Set down the lines below, exactly, starting at the one that contains "YELLOW GENTS BLOODSTONE" and stopping at the last line, inclusive. Omit pictures.

****

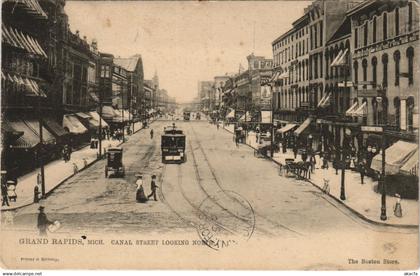 PC US, MI, GRAND RAPIDS, CANAL STREET LOOKING NORTH, Vintage Postcard (b32168)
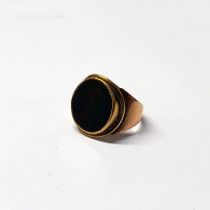 YELLOW GENTS BLOODSTONE SIGNET RING, UNMARKED - RING SIZE O, 4.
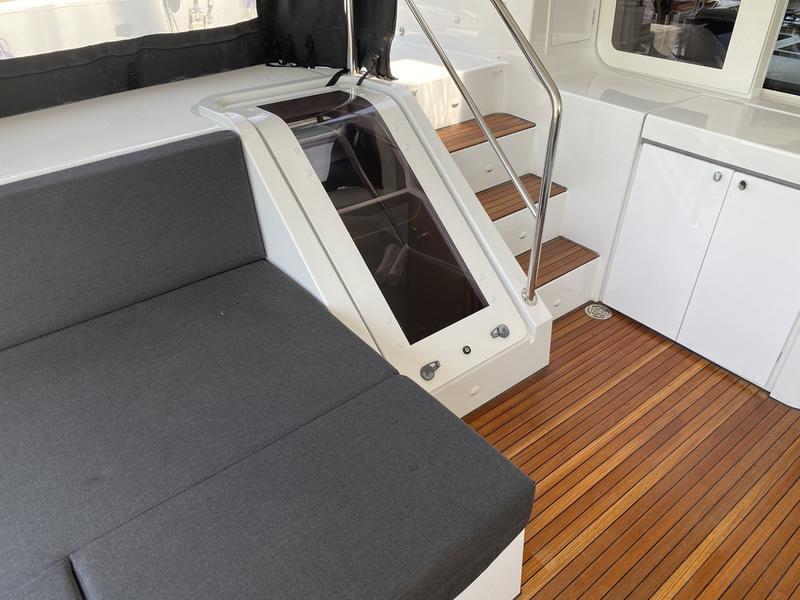 Book yachts online - catamaran - Lagoon 52F (5 cab) - NAKA (ANU) - rent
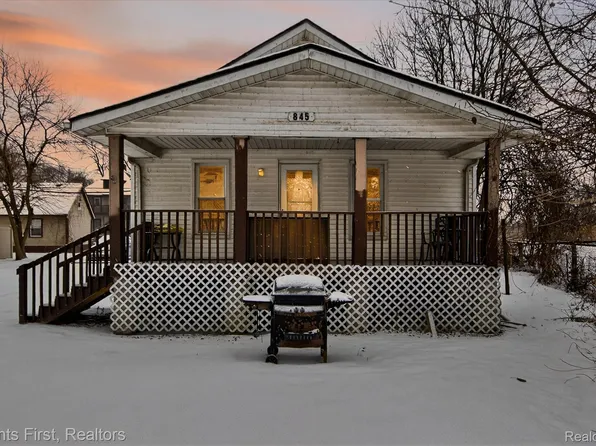 845 Orange St, Wyandotte, MI 48192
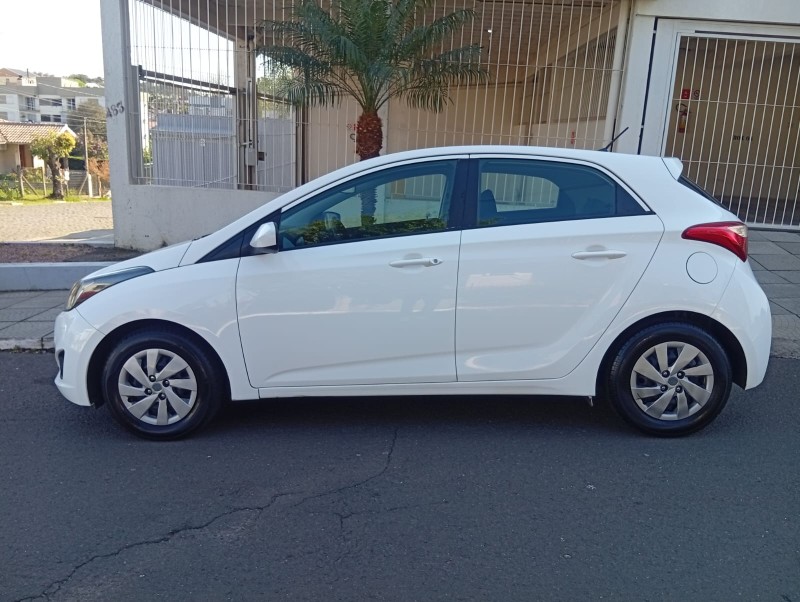 HYUNDAI HB20 COMFORT 2014/2014 ALTERNATIVA VEÍCULOS LAJEADO / Carros no Vale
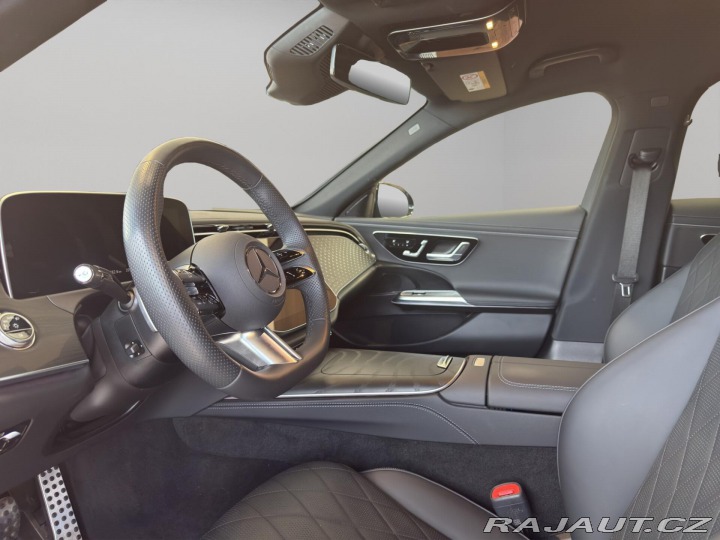 Mercedes-Benz E E 300 de 4MATIC sedan 2025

****

**Answer to this task**
 YELLOW GENTS BLOODSTONE SIGNET RING, UNMARKED - RING SIZE O, 4.
 Book yachts online - catamaran - Lagoon 52F (5 cab) - NAKA (ANU) - rent
 845 Orange St, Wyandotte, MI 48192
 HYUNDAI HB20 COMFORT 2014/2014 ALTERNATIVA VEÍCULOS LAJEADO / Carros no Vale
 Mercedes-Benz E E 300 de 4MATIC sedan 2025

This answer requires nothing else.